Exactly and only the lines below from the one containing "Toms Darcy Chestnut" down to the one containing "RAM-B-108BU-HUM1:RAM-B-108BU-HUM1_1:RAM® Strap Hose" are wanted, both included; please exclude every picture.

(RECORDS FOR THE EXERCISE Opens)

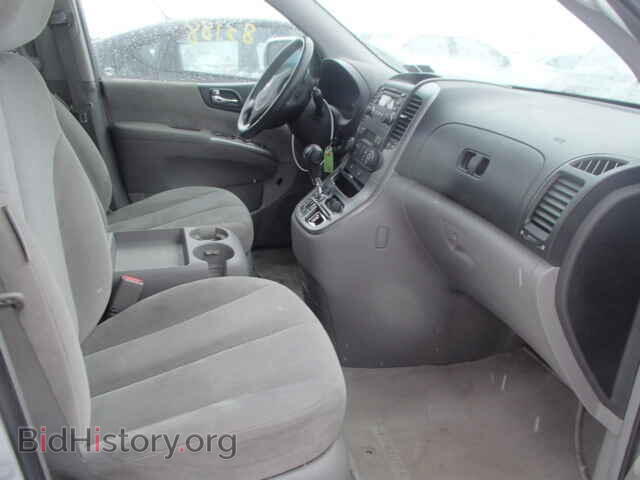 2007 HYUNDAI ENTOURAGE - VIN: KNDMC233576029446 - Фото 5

(RECORDS FOR THE EXERCISE Closes)
(RECORDS FOR THE EXERCISE Opens)

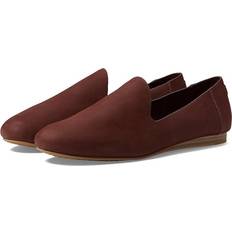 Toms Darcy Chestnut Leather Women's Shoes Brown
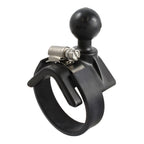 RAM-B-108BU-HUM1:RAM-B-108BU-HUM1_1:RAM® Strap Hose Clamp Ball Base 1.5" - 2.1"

(RECORDS FOR THE EXERCISE Closes)
(RECORDS FOR THE EXERCISE Opens)

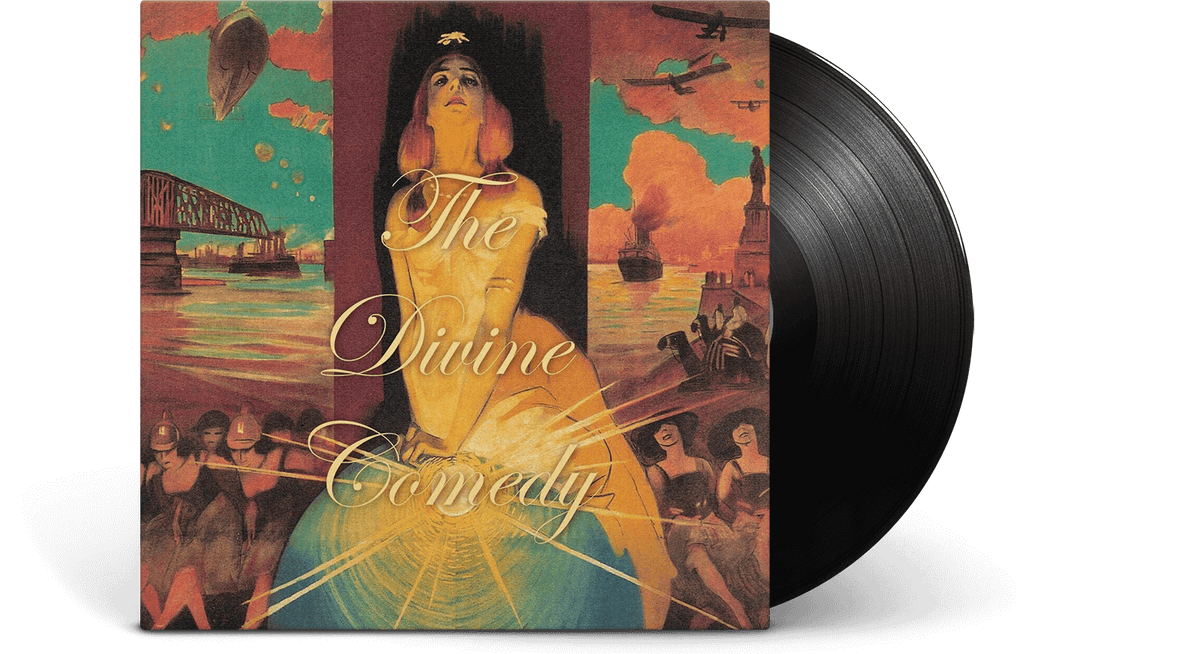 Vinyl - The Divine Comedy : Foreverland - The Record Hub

(RECORDS FOR THE EXERCISE Closes)

— ANSWER AREA —
 Toms Darcy Chestnut Leather Women's Shoes Brown
 RAM-B-108BU-HUM1:RAM-B-108BU-HUM1_1:RAM® Strap Hose Clamp Ball Base 1.5" - 2.1"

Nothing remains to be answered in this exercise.